Previous discussions such as https://zindi.africa/competitions/giz-nlp-agricultural-keyword-spotter/discussions/3399 have asked about the use of pre-trained models or external datasets. We clarified that participants should stick to the competition data or 'standard' options like the pre-trained imagenet models built into many libraries. However, we did mention that anyone with suggestions for other open-source resources they thought would be useful should get in touch.
Based on your suggestions, we're adding the following resources as allowable in the competition: - https://github.com/tensorflow/models/tree/master/research/audioset/vggish - https://github.com/qiuqiangkong/audioset_classification - https://github.com/qiuqiangkong/audioset_tagging_cnn
Note that with only a month left we will not be making further changes in the interest of fairness.

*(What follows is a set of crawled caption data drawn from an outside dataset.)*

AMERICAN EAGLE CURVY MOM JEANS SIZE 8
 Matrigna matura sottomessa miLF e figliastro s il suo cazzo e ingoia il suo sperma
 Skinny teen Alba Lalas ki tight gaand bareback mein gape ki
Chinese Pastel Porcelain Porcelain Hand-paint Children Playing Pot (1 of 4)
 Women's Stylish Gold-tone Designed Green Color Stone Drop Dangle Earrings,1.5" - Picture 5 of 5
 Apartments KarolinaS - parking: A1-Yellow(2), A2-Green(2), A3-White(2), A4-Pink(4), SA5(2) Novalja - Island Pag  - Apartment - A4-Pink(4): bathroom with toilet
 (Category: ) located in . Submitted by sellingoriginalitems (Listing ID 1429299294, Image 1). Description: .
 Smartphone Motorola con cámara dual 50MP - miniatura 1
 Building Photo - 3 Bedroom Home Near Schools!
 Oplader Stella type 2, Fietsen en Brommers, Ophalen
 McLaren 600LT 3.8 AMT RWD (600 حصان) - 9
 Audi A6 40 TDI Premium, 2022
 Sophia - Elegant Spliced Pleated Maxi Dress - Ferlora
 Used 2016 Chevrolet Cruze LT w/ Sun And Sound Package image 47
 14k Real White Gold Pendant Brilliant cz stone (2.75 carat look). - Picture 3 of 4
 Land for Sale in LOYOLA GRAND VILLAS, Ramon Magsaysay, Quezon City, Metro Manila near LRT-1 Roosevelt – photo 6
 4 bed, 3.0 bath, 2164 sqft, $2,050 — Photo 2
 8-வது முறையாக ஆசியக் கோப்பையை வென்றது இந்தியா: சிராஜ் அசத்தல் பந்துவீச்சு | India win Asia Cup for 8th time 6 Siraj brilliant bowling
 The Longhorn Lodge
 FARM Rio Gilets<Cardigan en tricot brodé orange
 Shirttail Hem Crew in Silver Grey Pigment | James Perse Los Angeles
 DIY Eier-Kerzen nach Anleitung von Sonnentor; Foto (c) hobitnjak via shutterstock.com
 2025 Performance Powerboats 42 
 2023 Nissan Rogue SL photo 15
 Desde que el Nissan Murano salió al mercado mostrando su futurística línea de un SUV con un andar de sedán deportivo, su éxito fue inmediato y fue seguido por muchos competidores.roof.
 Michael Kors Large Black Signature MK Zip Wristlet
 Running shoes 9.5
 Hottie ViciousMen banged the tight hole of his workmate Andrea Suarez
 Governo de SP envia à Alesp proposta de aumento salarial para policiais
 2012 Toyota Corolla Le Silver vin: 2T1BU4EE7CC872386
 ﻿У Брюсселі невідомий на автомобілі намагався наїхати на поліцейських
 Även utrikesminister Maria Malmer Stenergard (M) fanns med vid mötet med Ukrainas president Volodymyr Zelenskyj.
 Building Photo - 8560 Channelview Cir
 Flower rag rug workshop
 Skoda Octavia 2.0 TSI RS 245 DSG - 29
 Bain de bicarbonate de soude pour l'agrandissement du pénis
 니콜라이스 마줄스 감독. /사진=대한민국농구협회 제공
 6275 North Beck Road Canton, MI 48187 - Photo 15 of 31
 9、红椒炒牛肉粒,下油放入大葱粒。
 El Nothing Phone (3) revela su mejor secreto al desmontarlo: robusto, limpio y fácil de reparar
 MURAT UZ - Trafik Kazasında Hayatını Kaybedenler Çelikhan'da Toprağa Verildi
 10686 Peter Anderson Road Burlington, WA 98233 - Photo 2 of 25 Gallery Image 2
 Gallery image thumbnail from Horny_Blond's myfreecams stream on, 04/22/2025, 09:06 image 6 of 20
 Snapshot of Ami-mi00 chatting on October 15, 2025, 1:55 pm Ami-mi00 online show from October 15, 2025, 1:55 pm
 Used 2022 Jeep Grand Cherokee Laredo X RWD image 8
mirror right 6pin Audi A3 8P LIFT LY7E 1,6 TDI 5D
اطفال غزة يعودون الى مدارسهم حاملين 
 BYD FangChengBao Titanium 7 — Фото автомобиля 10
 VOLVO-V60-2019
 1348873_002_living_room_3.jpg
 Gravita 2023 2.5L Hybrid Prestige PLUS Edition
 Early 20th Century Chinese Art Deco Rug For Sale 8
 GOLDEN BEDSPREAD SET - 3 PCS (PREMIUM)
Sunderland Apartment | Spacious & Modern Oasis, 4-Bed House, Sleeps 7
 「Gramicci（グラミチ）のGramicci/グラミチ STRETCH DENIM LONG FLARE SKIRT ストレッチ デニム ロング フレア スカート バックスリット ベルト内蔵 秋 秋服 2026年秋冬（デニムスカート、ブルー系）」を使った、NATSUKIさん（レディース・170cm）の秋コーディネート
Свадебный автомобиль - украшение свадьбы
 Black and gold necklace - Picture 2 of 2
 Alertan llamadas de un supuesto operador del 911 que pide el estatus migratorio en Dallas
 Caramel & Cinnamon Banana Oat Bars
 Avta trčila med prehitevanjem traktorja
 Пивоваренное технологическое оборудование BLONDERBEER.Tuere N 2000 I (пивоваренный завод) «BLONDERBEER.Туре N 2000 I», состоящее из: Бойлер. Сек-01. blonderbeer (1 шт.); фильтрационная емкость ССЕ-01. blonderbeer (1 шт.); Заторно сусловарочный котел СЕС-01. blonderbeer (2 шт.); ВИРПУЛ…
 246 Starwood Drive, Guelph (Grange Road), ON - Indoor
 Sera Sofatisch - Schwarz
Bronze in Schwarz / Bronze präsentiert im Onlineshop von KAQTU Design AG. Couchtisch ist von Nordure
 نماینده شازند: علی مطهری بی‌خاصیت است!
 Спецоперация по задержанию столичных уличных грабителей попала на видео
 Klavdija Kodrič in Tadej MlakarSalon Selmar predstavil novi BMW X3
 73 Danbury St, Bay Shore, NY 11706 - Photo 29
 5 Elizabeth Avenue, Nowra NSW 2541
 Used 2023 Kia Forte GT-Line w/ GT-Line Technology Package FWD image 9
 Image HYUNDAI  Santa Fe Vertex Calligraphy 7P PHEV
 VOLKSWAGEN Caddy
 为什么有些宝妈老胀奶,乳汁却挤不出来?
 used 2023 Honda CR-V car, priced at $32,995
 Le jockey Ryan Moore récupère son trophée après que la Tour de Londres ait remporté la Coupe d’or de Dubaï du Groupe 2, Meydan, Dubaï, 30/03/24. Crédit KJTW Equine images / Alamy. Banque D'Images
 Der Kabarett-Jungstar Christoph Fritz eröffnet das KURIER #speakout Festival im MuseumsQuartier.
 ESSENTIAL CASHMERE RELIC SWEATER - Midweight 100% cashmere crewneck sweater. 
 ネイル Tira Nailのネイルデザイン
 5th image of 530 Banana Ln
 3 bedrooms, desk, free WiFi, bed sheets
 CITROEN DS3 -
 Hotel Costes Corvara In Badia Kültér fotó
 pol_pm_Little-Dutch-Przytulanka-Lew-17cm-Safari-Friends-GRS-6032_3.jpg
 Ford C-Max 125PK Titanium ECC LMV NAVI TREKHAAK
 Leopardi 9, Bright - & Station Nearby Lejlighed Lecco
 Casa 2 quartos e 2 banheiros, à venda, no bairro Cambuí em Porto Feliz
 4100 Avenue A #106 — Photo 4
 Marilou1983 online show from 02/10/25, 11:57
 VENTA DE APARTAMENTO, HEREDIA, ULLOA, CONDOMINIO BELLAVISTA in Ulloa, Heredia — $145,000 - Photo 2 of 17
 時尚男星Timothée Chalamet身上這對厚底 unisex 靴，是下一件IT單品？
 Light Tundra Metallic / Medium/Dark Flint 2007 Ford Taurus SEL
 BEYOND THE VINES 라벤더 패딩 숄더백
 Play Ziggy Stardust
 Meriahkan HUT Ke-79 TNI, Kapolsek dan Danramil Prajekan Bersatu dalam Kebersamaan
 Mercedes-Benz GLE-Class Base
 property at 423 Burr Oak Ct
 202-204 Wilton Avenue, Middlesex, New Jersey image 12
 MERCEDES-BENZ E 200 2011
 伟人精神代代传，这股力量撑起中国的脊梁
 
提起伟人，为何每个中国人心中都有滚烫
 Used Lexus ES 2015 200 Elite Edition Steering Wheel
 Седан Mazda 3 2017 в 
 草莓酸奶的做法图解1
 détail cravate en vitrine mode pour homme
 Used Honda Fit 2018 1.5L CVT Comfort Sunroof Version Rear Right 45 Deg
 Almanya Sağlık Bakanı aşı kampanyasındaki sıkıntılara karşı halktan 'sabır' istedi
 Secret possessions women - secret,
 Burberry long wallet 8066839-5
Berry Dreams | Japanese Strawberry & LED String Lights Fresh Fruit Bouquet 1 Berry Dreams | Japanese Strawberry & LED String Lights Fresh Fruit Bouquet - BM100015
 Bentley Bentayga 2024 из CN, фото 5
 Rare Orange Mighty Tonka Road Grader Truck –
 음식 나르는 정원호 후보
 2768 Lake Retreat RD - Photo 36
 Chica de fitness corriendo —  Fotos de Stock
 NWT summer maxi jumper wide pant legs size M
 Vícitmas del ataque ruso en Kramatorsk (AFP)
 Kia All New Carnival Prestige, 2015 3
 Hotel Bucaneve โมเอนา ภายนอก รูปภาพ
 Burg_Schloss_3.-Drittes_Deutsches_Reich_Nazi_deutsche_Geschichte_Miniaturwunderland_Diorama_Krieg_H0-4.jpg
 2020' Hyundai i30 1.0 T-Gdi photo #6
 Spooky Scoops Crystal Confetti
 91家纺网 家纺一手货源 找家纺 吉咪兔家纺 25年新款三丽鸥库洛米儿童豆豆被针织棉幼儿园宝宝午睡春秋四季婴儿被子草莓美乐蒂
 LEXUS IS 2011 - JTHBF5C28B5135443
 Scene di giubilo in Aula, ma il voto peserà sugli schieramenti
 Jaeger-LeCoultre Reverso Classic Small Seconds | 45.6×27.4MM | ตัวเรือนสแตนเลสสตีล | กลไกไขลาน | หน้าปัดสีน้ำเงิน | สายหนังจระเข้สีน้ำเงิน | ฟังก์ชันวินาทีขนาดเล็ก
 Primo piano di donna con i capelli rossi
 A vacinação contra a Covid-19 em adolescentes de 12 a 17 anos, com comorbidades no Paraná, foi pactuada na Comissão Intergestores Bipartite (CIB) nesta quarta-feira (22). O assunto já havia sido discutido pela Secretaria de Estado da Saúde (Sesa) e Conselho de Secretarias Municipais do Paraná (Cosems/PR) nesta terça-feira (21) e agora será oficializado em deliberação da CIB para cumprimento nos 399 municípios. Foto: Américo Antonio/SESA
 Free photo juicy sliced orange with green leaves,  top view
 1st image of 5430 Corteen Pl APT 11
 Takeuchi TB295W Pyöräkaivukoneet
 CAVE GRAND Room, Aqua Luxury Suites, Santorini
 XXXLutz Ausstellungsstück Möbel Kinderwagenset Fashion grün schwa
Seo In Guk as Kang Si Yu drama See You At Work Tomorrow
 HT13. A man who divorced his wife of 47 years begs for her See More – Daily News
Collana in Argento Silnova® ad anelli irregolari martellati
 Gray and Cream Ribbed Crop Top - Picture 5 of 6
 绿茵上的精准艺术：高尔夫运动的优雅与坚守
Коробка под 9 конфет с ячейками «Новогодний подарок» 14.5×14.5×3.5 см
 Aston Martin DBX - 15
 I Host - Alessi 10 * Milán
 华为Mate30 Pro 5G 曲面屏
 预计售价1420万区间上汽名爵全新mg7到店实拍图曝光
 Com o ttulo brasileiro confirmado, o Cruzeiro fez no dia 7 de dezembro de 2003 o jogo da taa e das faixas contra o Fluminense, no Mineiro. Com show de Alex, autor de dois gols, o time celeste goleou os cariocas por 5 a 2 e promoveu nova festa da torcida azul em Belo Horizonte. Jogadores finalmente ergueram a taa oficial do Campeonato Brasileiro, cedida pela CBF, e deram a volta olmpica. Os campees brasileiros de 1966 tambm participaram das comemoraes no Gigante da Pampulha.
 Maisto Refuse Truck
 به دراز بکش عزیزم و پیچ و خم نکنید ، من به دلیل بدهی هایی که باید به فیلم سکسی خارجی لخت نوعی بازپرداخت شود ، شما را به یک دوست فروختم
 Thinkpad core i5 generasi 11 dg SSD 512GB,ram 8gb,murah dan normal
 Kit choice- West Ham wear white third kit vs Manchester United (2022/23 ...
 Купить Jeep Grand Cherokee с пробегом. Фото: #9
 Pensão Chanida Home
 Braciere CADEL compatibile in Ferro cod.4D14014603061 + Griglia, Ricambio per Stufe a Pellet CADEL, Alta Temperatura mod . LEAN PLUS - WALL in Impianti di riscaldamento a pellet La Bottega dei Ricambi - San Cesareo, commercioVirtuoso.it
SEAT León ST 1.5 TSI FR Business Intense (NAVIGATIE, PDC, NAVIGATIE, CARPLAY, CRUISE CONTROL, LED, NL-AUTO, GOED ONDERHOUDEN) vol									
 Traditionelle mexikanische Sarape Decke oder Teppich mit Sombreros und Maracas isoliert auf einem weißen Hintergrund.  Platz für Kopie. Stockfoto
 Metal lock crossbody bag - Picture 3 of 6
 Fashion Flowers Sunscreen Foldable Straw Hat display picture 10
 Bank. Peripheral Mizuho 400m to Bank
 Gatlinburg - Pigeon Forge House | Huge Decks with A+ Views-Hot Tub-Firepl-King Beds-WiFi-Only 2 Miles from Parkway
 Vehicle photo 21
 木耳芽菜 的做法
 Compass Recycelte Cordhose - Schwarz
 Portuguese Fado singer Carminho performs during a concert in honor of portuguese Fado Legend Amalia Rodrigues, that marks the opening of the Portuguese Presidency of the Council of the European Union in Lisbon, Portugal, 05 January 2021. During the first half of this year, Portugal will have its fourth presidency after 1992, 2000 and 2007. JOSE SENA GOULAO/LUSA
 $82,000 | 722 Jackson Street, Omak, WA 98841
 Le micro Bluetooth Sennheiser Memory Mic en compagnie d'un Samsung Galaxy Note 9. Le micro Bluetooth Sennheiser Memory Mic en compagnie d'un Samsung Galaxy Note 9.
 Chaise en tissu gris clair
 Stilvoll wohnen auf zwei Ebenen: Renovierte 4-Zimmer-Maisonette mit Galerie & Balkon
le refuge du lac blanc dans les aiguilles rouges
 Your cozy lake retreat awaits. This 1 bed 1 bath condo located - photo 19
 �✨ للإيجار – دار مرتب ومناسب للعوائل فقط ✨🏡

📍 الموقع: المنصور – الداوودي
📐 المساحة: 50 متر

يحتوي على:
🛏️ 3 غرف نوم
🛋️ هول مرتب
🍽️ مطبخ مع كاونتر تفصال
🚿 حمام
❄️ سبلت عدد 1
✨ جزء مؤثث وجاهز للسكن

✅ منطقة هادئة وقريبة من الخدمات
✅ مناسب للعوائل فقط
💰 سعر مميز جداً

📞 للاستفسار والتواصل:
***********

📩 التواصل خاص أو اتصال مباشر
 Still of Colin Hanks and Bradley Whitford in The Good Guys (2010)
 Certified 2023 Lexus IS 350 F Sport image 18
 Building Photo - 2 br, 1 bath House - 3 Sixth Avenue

Good. So can we use audioset dataset also as you are giving us pretrained models on audioset ? Audioset is open source too.
Or we should use only the pre trained weight ?
You should only use pre-trained weights.
Moreover, the dataset is tricky to download. You have to download one by one (you only have the link of the youtube video) and have to extract then the audio. Some links are dead since then.
Great, thank you! What about DeepSpeech by Mozilla? It is open source too
I want to recommend add this - https://alphacephei.com/vosk/index
It is opensource library